=== Input records ===
══════════
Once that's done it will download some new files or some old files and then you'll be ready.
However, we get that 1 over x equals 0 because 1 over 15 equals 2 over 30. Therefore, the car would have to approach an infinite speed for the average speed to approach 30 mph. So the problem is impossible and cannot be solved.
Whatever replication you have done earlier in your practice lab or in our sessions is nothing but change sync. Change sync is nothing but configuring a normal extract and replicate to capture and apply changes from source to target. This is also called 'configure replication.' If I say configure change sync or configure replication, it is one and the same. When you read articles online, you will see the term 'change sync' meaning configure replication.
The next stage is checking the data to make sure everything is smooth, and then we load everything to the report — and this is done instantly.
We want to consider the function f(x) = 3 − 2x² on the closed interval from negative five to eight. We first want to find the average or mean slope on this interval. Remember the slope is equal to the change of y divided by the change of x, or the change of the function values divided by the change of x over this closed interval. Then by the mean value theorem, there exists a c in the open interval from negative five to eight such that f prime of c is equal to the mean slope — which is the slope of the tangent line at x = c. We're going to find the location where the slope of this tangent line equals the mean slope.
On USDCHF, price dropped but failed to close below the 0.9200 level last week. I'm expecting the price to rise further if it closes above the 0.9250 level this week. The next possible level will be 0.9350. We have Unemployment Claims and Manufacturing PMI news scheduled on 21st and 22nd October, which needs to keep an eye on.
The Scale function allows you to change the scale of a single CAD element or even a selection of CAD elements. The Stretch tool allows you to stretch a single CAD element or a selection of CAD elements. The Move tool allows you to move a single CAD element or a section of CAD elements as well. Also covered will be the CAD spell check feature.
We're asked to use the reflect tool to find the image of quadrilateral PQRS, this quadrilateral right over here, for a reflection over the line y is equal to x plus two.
══════════
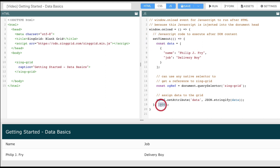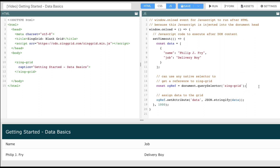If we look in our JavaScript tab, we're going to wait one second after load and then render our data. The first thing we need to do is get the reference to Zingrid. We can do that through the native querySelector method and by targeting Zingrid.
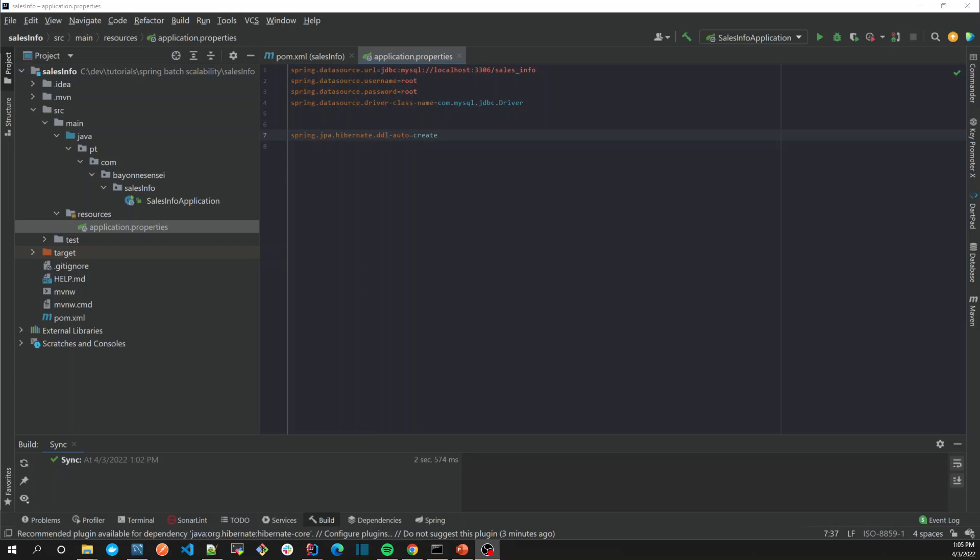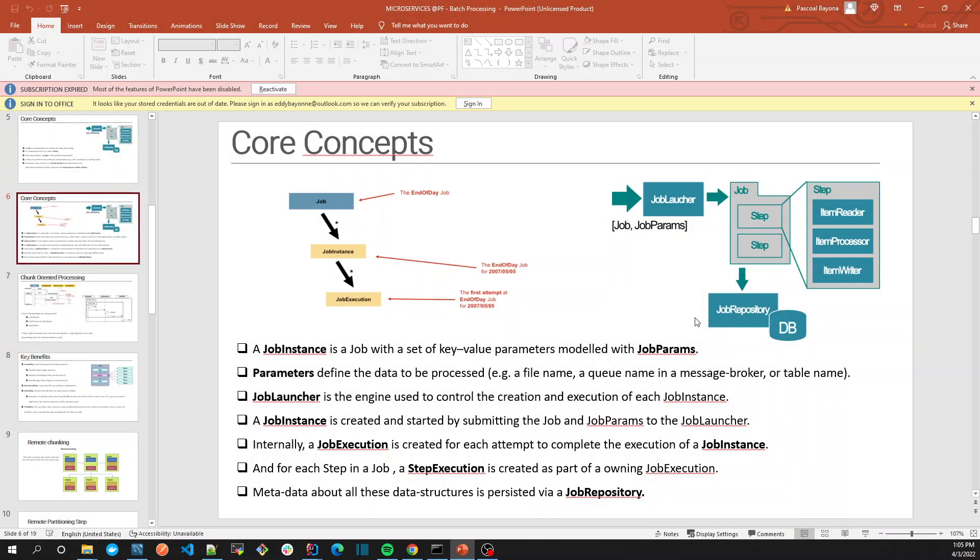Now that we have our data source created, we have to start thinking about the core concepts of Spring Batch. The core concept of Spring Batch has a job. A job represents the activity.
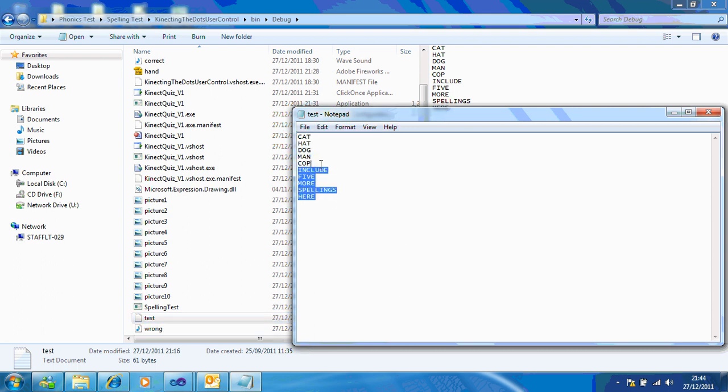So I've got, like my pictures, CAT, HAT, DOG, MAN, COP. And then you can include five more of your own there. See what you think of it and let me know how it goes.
══════════
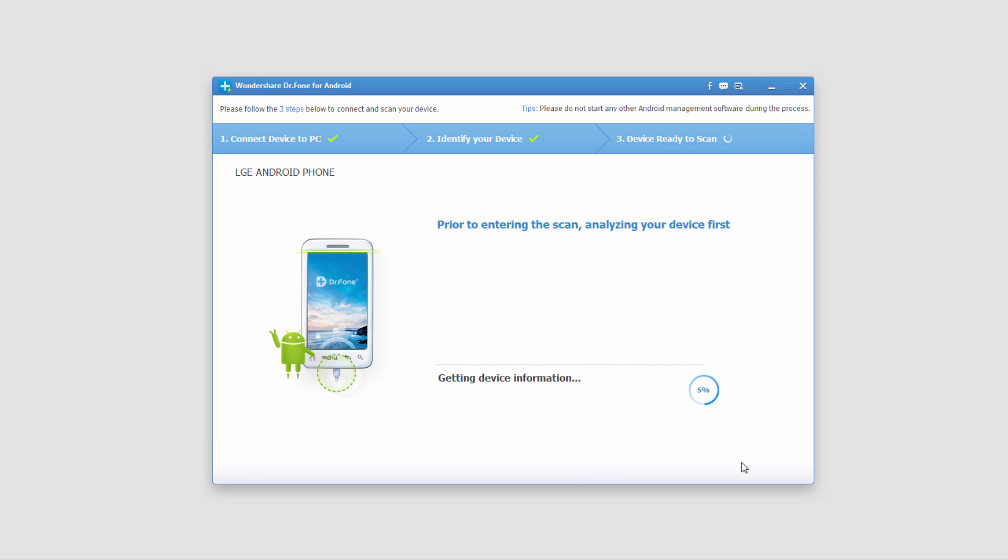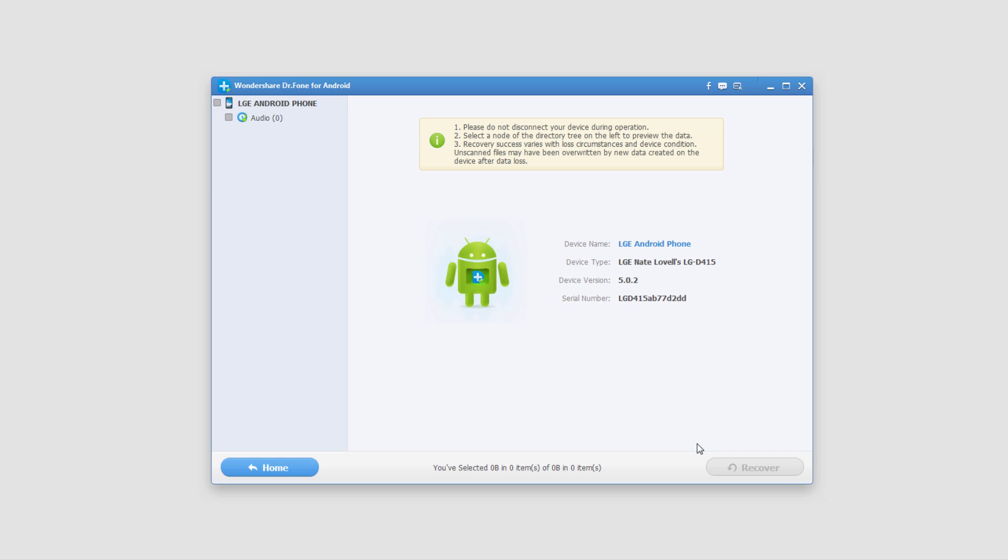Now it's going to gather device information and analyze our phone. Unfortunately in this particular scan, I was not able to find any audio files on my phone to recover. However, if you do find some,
══════════
=== Problem requirements ===
Going by the data above, the answer is exactly the lines from the one holding "Now that we" to the one holding "So I've got, like", both kept, with the pictures left out.

=== Exercise output ===
Now that we have our data source created, we have to start thinking about the core concepts of Spring Batch. The core concept of Spring Batch has a job. A job represents the activity.
So I've got, like my pictures, CAT, HAT, DOG, MAN, COP. And then you can include five more of your own there. See what you think of it and let me know how it goes.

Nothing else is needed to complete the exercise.